GABRIEL FOUQUET: Diable ! C'est urgent, en effet. En revanche, notre spécialiste des sondages vient de me prévenir qu’il est pris dans les embouteillages et n’en n’a plus que pour quelques instants (qué menteur,n ce Gaby). Il va arriver. En l’attendant, je vous propose d’aborder un sujet de conversation quelconque, pour passer le temps. Monsieur Attali, que pensez-vous de Raymond Domenech ?
ATTALI: Il y a près de vingt-cinq ans que j’ai prophétisé l’échec de la politique domenechienne en matière de management participatif à ailettes de sustentations…
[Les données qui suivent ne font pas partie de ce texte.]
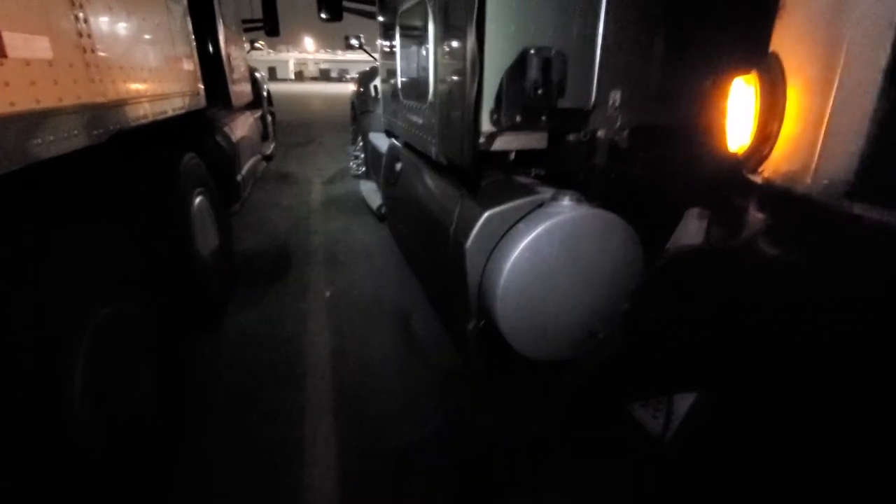Going to go check the rest of my stuff — because that's just another day as an owner-operator on the road. Y'all be safe.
(Nous laissons l’aréopage boire les paroles du prophète en attendant l’arrivée de Beboper)
Dix minutes se passent)


Beboper arrive enfin. Arrêté par le larbin d’Attali, qui a pour consigne d’isoler son maître des remugles plébéiens, il le désarçonne en deux phrases pleines d’ironie et d’une logique si surprenante qu’on n’y résiste pas. Beboper entre donc dans l’agora, laissant derrière lui la mâchoire pantelante du sous-payé.
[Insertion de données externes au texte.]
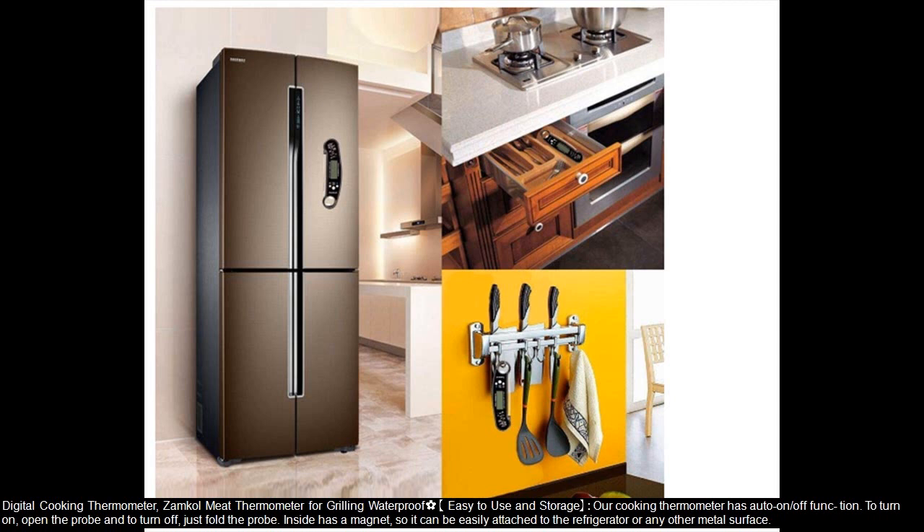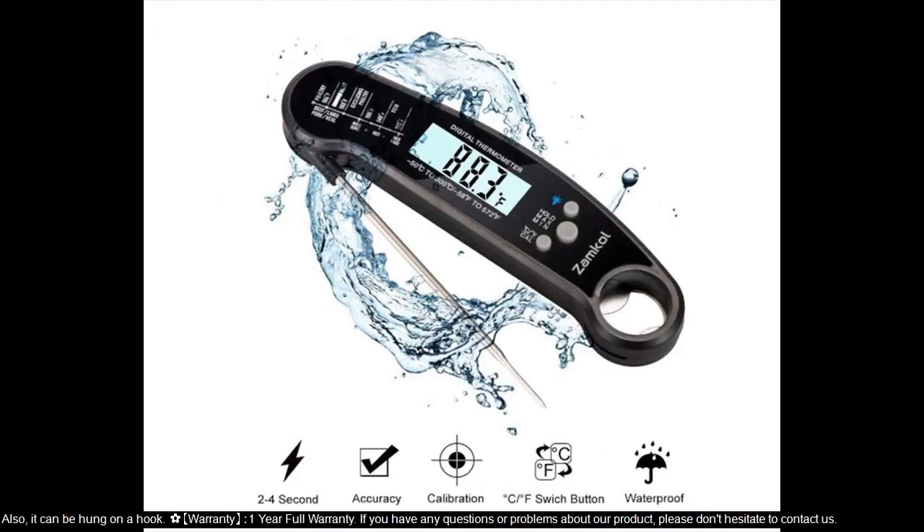Easy to use and storage — our cooking thermometer has an auto-on/off function. To turn on, open the probe; to turn off, just fold the probe. Inside there is a magnet so it can be easily attached to the refrigerator or any other metal surface. It can also be hung on a hook.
BEBOPER: Tut, tut, tut, je sais : je suis en retard. Mais je ne vous ai pas privé de ma présence par simple plaisir de le faire, j’étais occupé. Je reviens de chez Archischmock, on a travaillé toute la nuit pour l’analyse du sondage et puis des potes sont arrivés et ça s’est terminé par un bœuf ousqu’on a mélangé le jazz, la musique de chambre et le gangsta rap. Il avait même invité Morsay par Dailymotion interposé et vous savez quoi ? il est venu ! Ouais, Morsay est venu, très gentil, très humble, bien rasé et tout. Il est tout timide, ce mec. Le seul hic, c’est qu’en reprenant sa bagnole, elle avait deux pneus crevés, ça lui a foutu les boules : Archi habite un quartier peu sûr… Mais à part ça, il a été ravi de la soirée. Il est même reparti avec un t.shirt à l’effigie d’Archischmock !
SKYMANN: t’en as un sur toi ?
BEBOPER: Natürlich !

Il exhibe alors un t.shirt jaune pétant où s’affiche le visage d’Archischmock avec cette légende : Vedette. Tout le monde se précipite pour essayer d’en avoir un, sauf le boss, évidemment.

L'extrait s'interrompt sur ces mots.